"Parker e Beethoven ascoltavano il canto candido dell’esistente, ne inseguivano il movimento ritmico accarezzandone il silenzioso brusio per trasformarlo, da ultimo, nel rigoroso linguaggio di una musica assoluta".
Vi è un invito nel libro di Massimo Donà a ricordare l’origine, il tempo in cui canto e parola erano carichi di una potenza che solo il divino avrebbe potuto in qualche modo sopportare. Perché, allora, la lingua era musica, e il dire degli umani riusciva a farsi tramite di una manifestazione che, delle cose tutte, custodiva integro il carattere mitico.

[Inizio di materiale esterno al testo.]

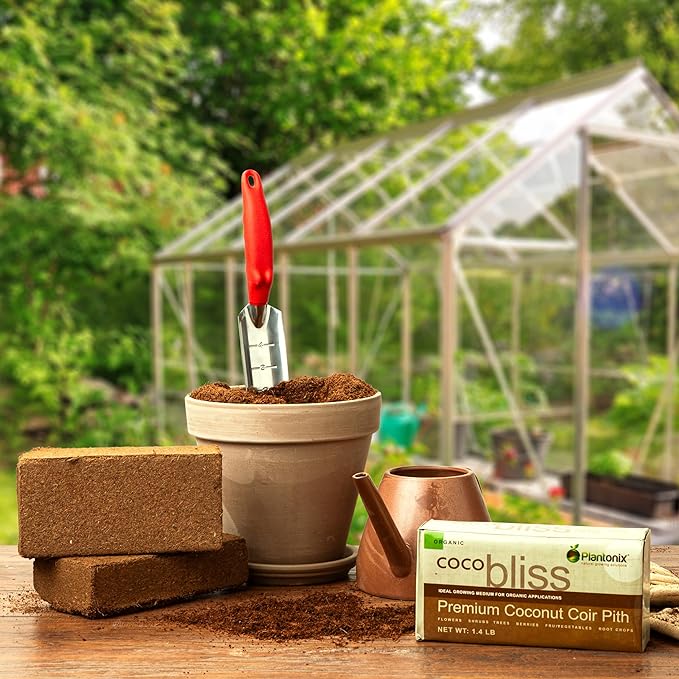 A work table featuring two open blocks of coco coir, and sealed block with the Coco bliss label, a flower pot filled with soil and a trowel, and a brass watering can. A greenhouse can be seen in the background.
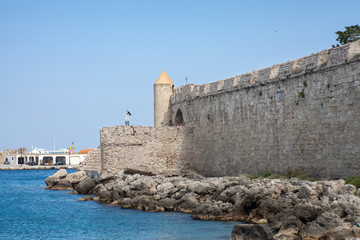Fototapeta na wymiar Harbor and monuments in Rhodes. Old defensive stands and windmills. Wharf harbors, boats and sailing ships. Historic harbor, pier and beach.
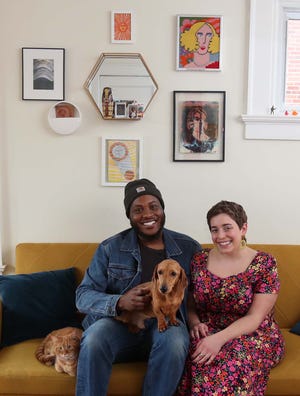 Chris Harvey, left, and his girlfriend Jess Fijalkovich started the bARTer NEO Instagram account for artists to exchange their work. Some examples of exchanged work are hanging on the wall behind them along with purchased pieces as they sit with their pets Goldie, left, and Peapod.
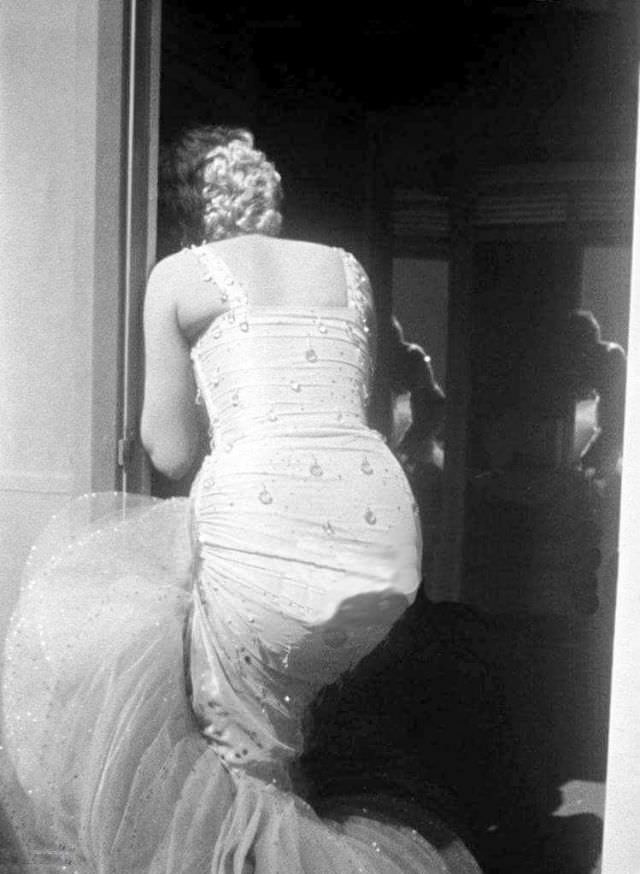 Marilyn Monroe Taking A Cigarette Break During The Filming Of “There’s No Business Like Show Business” 1954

Questa la musica da cui sia Ludwig van Beethoven che Charlie Parker avrebbero scelto di farsi educare, amando l’inudibile partitura della natura in cui è avvertibile il timbro di un canto sovrumano. E forse una vera musica si costituisce come prova di una perfetta innocenza, perché non ancora tradotta e forse mai traducibile in algida concettualità, non chiamata in causa da questa o quella intenzione comunicativa.
"Non servendo a nessuno, libero è il suo aereo disegnarsi, perché mai schiavo né di fini, né di ideali, né di individui, né di stati, né di partiti né di religioni". Libero, proprio come l’inutile cinguettare degli uccelli tanto amati da Charlie Parker.